Here they are introduced:

• air2ground-propagation-loss-model: this module provides a probabilistic propagation loss model that realistically resembles an actual Air-to-Ground communication channel. The inspiration for the algorithm and its parameters comes from the work in [6]. This model is an enhancement of the native Friis propagation-loss-module, introducing a stochastic characterization of an extra path loss depending on the urban environ-ment and the elevation angle of the flying vehicles. Specifically, the authors in [6] empirically retrieved several sets of parameters, each one related to a specific urban environment density. These parameters allow to compute the probability of Line of Sight for a specific communication link and to describe the extra path loss affecting the propagation as a Gaussian random variable with certain mean value and variance.

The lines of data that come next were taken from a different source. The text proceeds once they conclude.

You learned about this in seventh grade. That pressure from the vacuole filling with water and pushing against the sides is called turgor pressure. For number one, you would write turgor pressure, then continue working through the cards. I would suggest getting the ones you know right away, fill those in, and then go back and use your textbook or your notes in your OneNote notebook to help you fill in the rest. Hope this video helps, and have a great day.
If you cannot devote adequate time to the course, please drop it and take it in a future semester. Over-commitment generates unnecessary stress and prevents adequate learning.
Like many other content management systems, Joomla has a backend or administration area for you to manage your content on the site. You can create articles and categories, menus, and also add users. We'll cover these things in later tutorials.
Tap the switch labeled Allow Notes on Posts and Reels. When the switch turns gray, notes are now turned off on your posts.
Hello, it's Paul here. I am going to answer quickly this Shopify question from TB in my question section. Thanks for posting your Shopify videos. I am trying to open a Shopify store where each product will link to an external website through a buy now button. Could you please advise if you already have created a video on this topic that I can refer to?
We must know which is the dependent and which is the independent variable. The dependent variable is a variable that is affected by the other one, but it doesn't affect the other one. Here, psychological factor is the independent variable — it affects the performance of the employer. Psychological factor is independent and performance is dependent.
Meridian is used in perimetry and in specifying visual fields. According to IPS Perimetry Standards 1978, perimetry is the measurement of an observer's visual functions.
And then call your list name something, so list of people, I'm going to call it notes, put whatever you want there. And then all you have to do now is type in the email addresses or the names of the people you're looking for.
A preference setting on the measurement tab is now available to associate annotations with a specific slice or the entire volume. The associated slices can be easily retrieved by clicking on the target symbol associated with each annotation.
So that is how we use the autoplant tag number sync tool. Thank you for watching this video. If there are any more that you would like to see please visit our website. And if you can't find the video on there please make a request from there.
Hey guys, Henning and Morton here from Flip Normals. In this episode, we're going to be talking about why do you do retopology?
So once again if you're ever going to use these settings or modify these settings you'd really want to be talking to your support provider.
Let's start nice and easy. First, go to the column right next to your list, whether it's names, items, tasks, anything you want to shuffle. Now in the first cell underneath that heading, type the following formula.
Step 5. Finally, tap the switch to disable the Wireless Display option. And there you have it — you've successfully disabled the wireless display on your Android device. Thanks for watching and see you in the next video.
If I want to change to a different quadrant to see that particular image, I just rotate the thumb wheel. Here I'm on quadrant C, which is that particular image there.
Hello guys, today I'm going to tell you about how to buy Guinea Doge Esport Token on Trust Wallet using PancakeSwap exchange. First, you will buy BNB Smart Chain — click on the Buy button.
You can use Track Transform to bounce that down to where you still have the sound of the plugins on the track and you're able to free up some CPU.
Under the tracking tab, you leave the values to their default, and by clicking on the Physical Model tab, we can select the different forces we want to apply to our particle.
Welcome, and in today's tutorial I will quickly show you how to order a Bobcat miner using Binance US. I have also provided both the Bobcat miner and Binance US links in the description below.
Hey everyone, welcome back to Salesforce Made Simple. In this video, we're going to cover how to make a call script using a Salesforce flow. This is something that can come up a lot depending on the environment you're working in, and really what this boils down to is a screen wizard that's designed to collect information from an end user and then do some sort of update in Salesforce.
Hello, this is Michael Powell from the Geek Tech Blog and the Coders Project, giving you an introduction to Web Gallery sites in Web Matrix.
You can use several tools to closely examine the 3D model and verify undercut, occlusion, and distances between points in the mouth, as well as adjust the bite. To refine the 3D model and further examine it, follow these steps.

• traffic-generator-module: this module provides a server/client pair of applications that allows to model a realistic task/processing traffic generation process. From the client perspective, traffic is generated according to an arbitrary inter-packet time. The default definition of the inter-packet time is an Exponential Random Variable with parameter λ, resulting in a Poisson Stochastic Process description of the traffic generated by the client. From the server perspective, once a packet has been received, it is assumed that a certain amount of time for its processing must be allocated. This allows to resemble the computational cost required for the server to perform a certain task forwarded by the client. The default description of this processing time is again a Poisson Process with parameter µ. For the sake of simplicity, the server is assumed not capable of parallel processing; a new task will be processed once the last one has been successfully accomplished. Eventually, once the processing operation has been completed, the server forwards a packet back to the client. This packet’s payload will provide an outcome related to the previously assigned task.

• ai-interface-module: this module consists in the cooperation among three

different applications, a client/server pair of traffic generators and a gym interface framework. The objective of the module is the full imple-mentation of the interface among ns-3 and the OpenAI Gym algorithm.

The client application is meant to run on the same node performing server operations for the traffic-generator module. In fact, a periodic interrupt callback system is deployed for the sampling of that node’s statistics, e.g. its position, the number of tasks received/served and the ground devices it is serving along with its statistics. These statistics will then take part in the observation for the reinforcement learning algorithm. Once this information has been aggregated and serialized, it is forwarded to the server as part of a packet’s payload. Therefore, the client generates a constant bitrate traffic defined according to an arbitrary constant inter-packet time. From the server perspective, these packets are processed and their information parsed and accumulated, ready to be forwarded to the AI algorithm. When the AI algorithm determines which actions the agents should perform in order to maximize the expected cumulative reward, the server will handle the production of a proper packet in order to inform the client. Eventually, the client will receive the packet, parse it, and apply the action suggested by the AI algorithm. The gym interface component is responsible for establishing the ZMQ inter-process communication channel needed for the exchange of observations, actions and rewards among ns-3 and the OpenAI Gym algorithm.